# What Did He Buy?



## Stephanie Smithson (Apr 1, 2016)

It seems my father is really starting to take an interest in bicycle since restoring a Monark deluxe for him. Yesterday he pulled up to my house and showed me these 4 tricycles he just purchased. I know nothing about trikes can anyone help me out? Let's just start with 2....the green one is an EVANS. Any idea of year/value? History? Second up close pic is an Colston. Seems to be the oldest in the fleet? Year/value? He paid $325 for all 4, I don't even know if that was a deal or not.


----------



## Dan the bike man (Apr 19, 2016)

He paid way too much. Trikes are hard to sell. They look like 50's and 1960's. I'd say $100-$200 for the 4 tops.


----------



## bricycle (Apr 19, 2016)

we all paid too much when we first started in the hobby. He liked them and he bought them. That's what it's all about!


----------



## Intense One (Apr 19, 2016)

Stephanie Smithson said:


> View attachment 300803 View attachment 300800 View attachment 300799 View attachment 300795 View attachment 300796 It seems my father is really starting to take an interest in bicycle since restoring a Monark deluxe for him. Yesterday he pulled up to my house and showed me these 4 tricycles he just purchased. I know nothing about trikes can anyone help me out? Let's just start with 2....the green one is an EVANS. Any idea of year/value? History? Second up close pic is an Colston. Seems to be the oldest in the fleet? Year/value? He paid $325 for all 4, I don't even know if that was a deal or not.

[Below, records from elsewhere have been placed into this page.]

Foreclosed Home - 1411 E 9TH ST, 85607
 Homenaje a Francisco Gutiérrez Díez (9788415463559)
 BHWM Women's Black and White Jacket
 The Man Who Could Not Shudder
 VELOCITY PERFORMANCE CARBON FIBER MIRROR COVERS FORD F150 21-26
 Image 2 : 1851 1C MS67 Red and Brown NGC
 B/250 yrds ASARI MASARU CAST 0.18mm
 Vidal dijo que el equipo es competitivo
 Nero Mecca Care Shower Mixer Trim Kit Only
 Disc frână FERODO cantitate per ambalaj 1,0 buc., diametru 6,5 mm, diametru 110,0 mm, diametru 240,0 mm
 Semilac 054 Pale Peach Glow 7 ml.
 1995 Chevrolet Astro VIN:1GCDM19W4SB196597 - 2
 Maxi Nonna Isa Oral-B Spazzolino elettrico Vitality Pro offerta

I think your father should become part of the CABE, too.  Guess he just buys them and you do the research!


----------



## Stephanie Smithson (Apr 22, 2016)

Intense One said:


> I think your father should become part of the CABE, too.  Guess he just buys them and you do the research!



That's pretty much it. I will say that he is def into bikes at the moment. I have spent more time with him the last 6 months because of bikes than I prob have the last 10 years. My kids are even involved now because he got them each a stingray (lucky little devils). Only kids I know that ride 68 stingrays around the neighborhood and they love it! So does papa .


----------